[Task goal]: From the line that has "sposa spiaggia scarpe infradito" down to the final line of the listing below, transcribe every line exactly, and only those.

[Provided information]:

================================

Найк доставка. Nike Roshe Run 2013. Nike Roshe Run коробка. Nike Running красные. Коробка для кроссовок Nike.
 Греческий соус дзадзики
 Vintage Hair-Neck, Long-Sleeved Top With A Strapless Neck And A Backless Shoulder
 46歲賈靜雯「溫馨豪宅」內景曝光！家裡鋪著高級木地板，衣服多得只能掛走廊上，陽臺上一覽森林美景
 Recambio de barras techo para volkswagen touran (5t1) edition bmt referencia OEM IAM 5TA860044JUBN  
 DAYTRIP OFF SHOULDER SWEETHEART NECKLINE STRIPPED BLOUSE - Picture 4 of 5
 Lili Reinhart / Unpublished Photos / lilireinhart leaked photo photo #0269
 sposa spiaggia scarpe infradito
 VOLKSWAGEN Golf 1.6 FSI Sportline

================================

[Response below]:
 sposa spiaggia scarpe infradito
 VOLKSWAGEN Golf 1.6 FSI Sportline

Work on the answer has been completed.